**INSTRUCTIONS FOR THE TASK**. What is needed is an exact copy of the lines from the one containing "Bán nhà Hẻm" through the last line of the records, with no pictures.

════

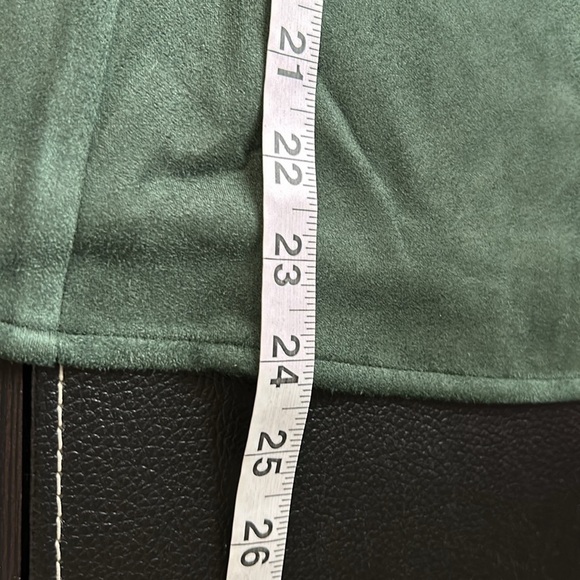 TUCKERNUCK Malachite Suede Easton Blouse Green Ruffle Sleeve Top Sz M NEW - Picture 13 of 14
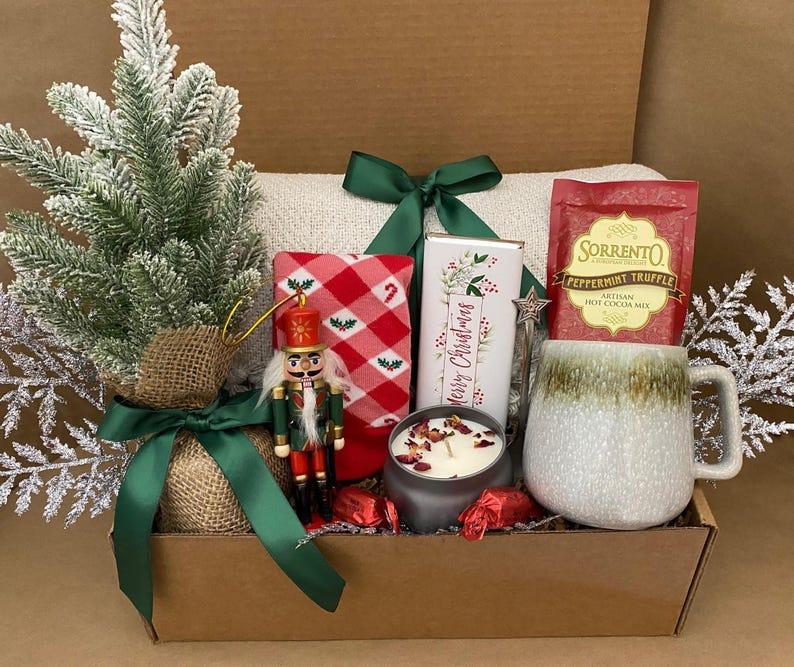 Christmas Gift Box for Her, Holiday Box For Daughter, Christmas Best Friend Gift, Christmas Box For Daughter, Mini Christmas Tree Gift Box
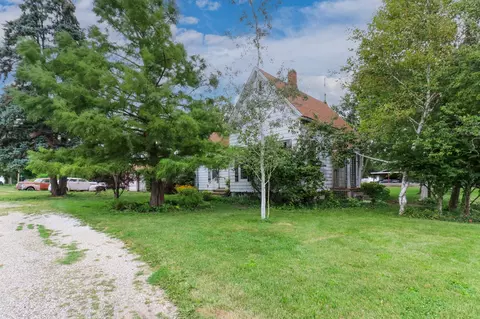 301 E 3rd St, Armington, IL 61721 photo 3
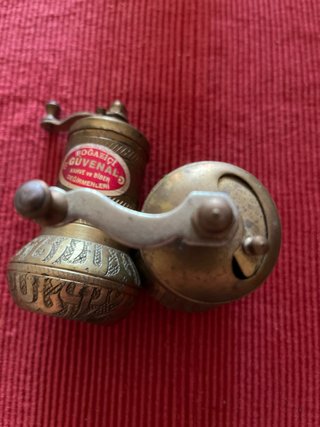 2 Molinillos Café/Pimienta Metal Antiguos Turcos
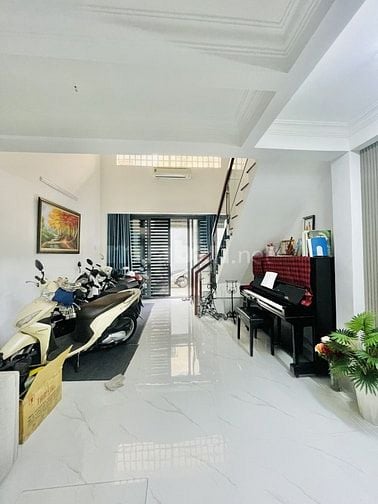 Bán nhà Hẻm Xe Hơi, 52m2(4x13), 5 Tầng, Trần Bình Trọng Tân Phú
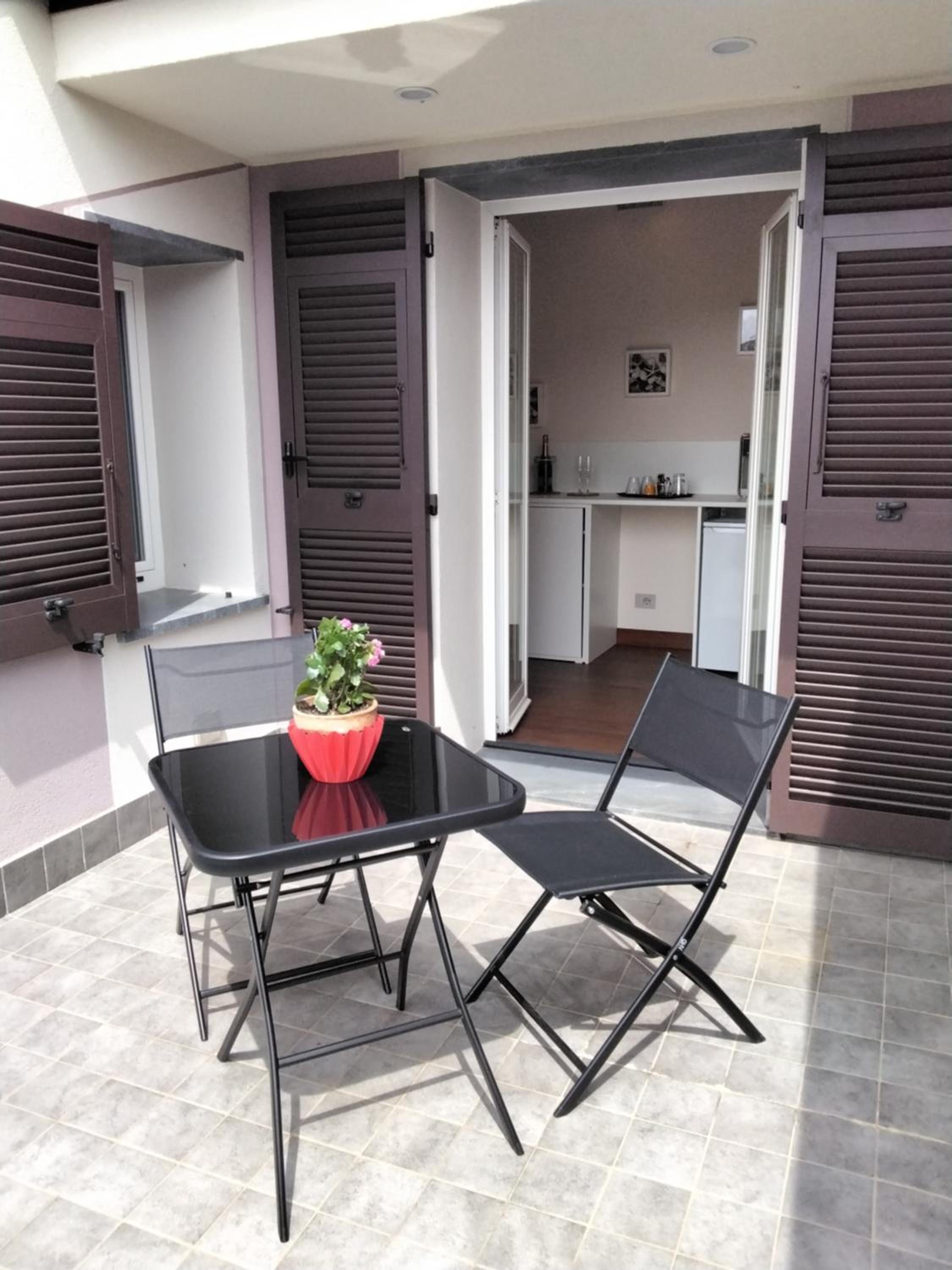 Deluxe Double Room with Balcony photo 3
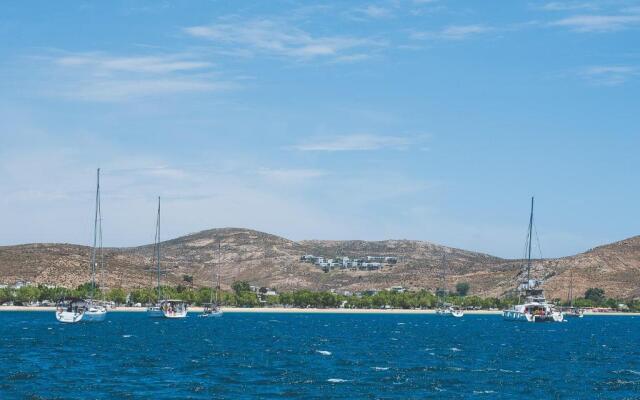Chill & Co. Serifos Island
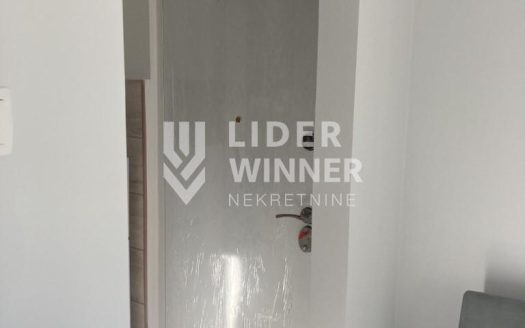 Renovirana garsonjera u Ustaničkoj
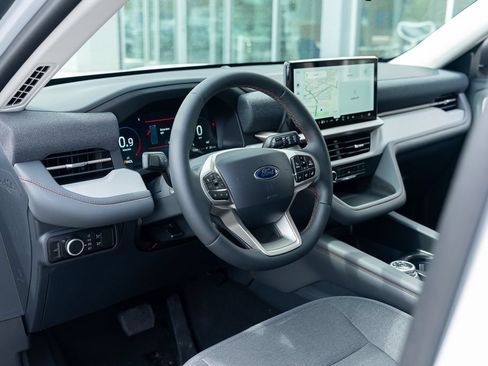 New 2026 Ford Explorer Active AWD/4WD image 9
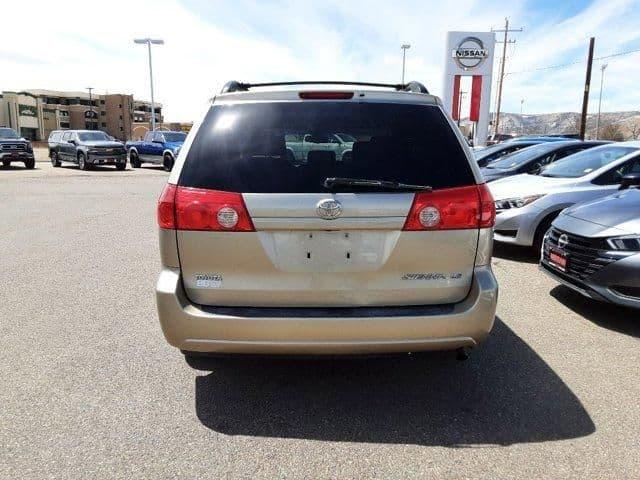 2008 toyota sienna le in bitter creek, wyoming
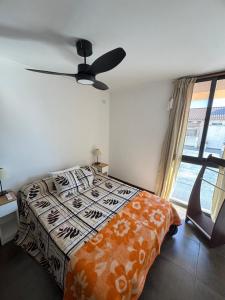 En eller flere senge i et værelse på Carlos Paz Roque Sainz Peña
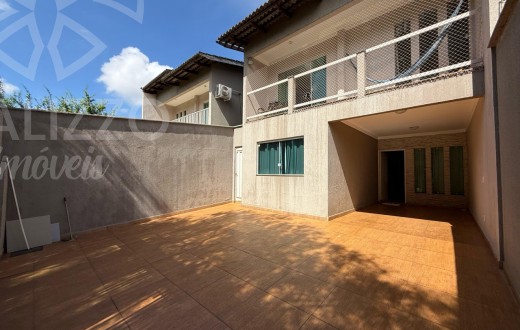 Sobrado 5 qtos, 280 m²
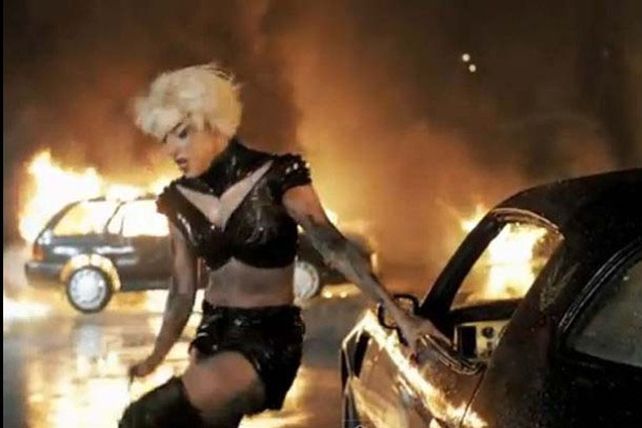 Fuego, locura y baile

════

**ANSWER TO THIS TASK**.
 Bán nhà Hẻm Xe Hơi, 52m2(4x13), 5 Tầng, Trần Bình Trọng Tân Phú
 Deluxe Double Room with Balcony photo 3
Chill & Co. Serifos Island
 Renovirana garsonjera u Ustaničkoj
 New 2026 Ford Explorer Active AWD/4WD image 9
 2008 toyota sienna le in bitter creek, wyoming
 En eller flere senge i et værelse på Carlos Paz Roque Sainz Peña
 Sobrado 5 qtos, 280 m²
 Fuego, locura y baile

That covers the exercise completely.